Create (true) or do not create (false) secondary indexes for tables. The default is true. When this option is set to false, secondary indexes are not created during the import, and you must create them afterwards. This can be useful if you are loading the DDL files and data files separately, and if you want to make changes to the table structure after loading the DDL files. Afterwards, you can create the secondary indexes by running the dump loading utility again with loadIndexes set to true and deferTableIndexes set to all.

deferTableIndexes: [ off | fulltext | all ]

Defer the creation of secondary indexes until after the table data is loaded. This can reduce loading times. off means all indexes are created during the table load. The default setting fulltext defers full-text indexes only. all defers all secondary indexes and only creates primary indexes during the table load, and also (from MySQL Shell 8.0.22) indexes defined on columns containing auto-increment values. In MySQL Shell 8.0.21, do not set all if you have any unique key columns containing auto-increment values.

analyzeTables: [ off | on | histogram ]

Execute ANALYZE TABLE for tables when they have been loaded. on analyzes all tables, and histogram analyzes only tables that have histogram information stored in the dump. The default is off. You can run the dump loading utility with this option to analyze the tables even if the data has already been loaded.

characterSet: "string"

The character set to be used for the import to the target MySQL instance, for example in the CHARACTER SET option of the LOAD DATA statement. The default is the character set given in the dump metadata that was used when the dump was created by MySQL Shell's instance dump utility or schema dump utility, which default to using utf8mb4. The character set must be permitted by the character_set_client system variable and supported by the MySQL instance.
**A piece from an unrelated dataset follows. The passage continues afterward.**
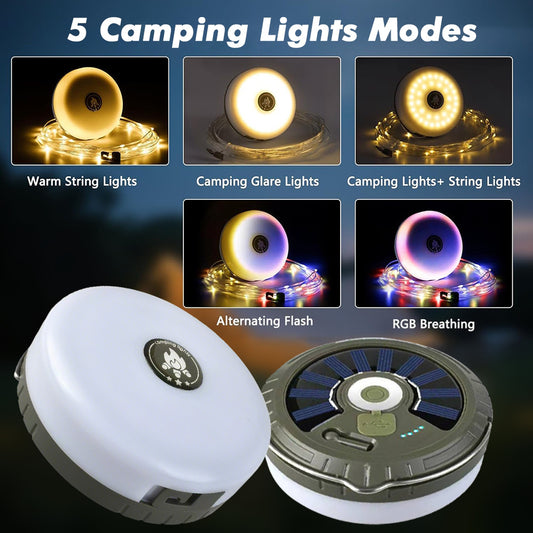 USB Rechargeable Fairy Lights with Retractable Reel – 10 Metre String with 5 Modes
excludeSchemas: array of strings

Exclude the named schemas from the import. Note that the information_schema, mysql, ndbinfo, performance_schema, and sys schemas are always excluded from a dump that is created by MySQL Shell's instance dump utility. If a named schema does not exist in the dump files, the utility ignores the item.
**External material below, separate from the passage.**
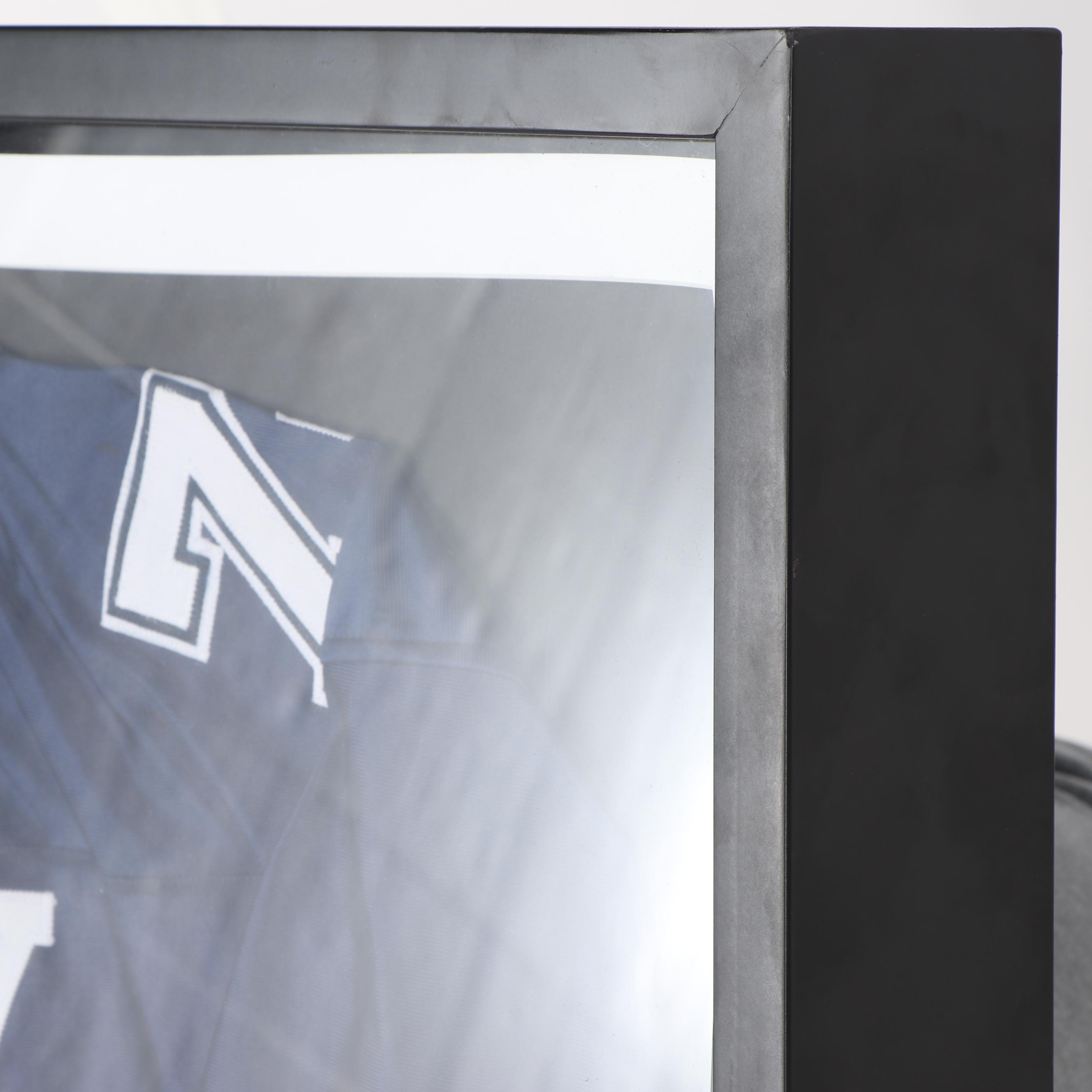 Framed Autographed Bob Lilly Replica Jersey - JSA COA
excludeTables: array of strings

Exclude the named tables from the import. Table names must be qualified with a valid schema name, and quoted with the backtick character if needed. Note that the data for the mysql.apply_status, mysql.general_log, mysql.schema, and mysql.slow_log tables is always excluded from a dump created by MySQL Shell's schema dump utility, although their DDL statements are included. Tables named by the excludeTables option are not uploaded to the target MySQL instance. If a named table does not exist in the schema or the schema does not exist in the dump files, the dump loading utility ignores the item.
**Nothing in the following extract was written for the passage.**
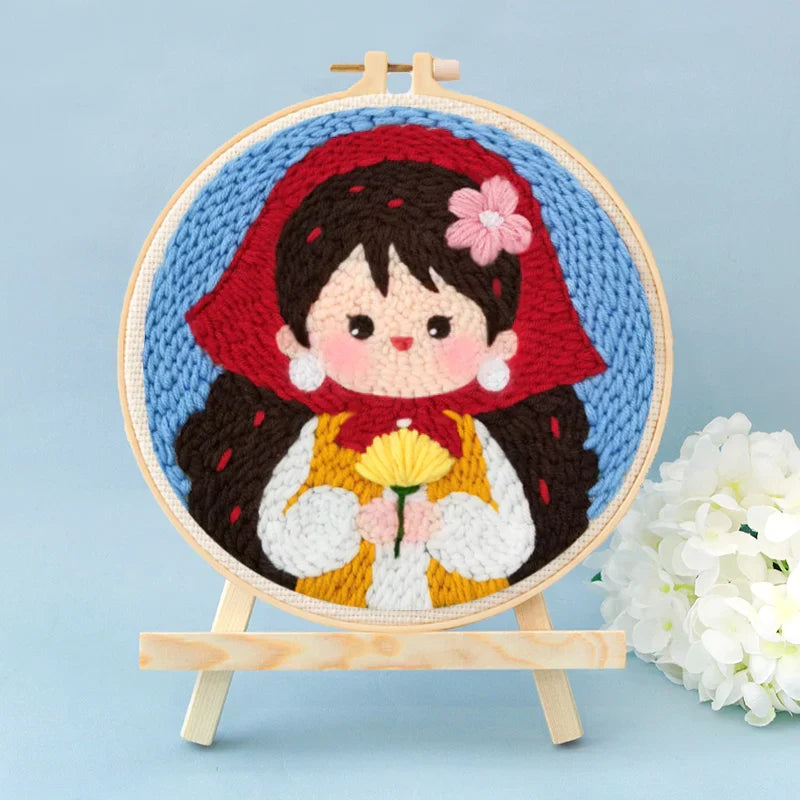 Hoop Yarn Threader - Punch Needle Kit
includeSchemas: array of strings

Load only the named schemas from the dump files.

includeTables: array of strings

Load only the named tables from the dump files. Table names must be qualified with a valid schema name, and quoted with the backtick character if needed. You cannot combine this option with the includeSchemas option.

loadDdl: [ true | false ]

Setting this option to true imports only the DDL files from the dump, and does not import the data. The default is false.

loadData: [ true | false ]

Setting this option to true imports only the data files from the dump, and does not import the DDL files. The default is false.

loadUsers: [ true | false ]

Import (true) or do not import (false) users and their roles and grants into the target MySQL instance. Statements for the current user are skipped. The default is false, so users are not imported by default. Note that MySQL Shell's schema dump utility does not include users, roles, and grants in a dump, but the instance dump utility can, and does by default.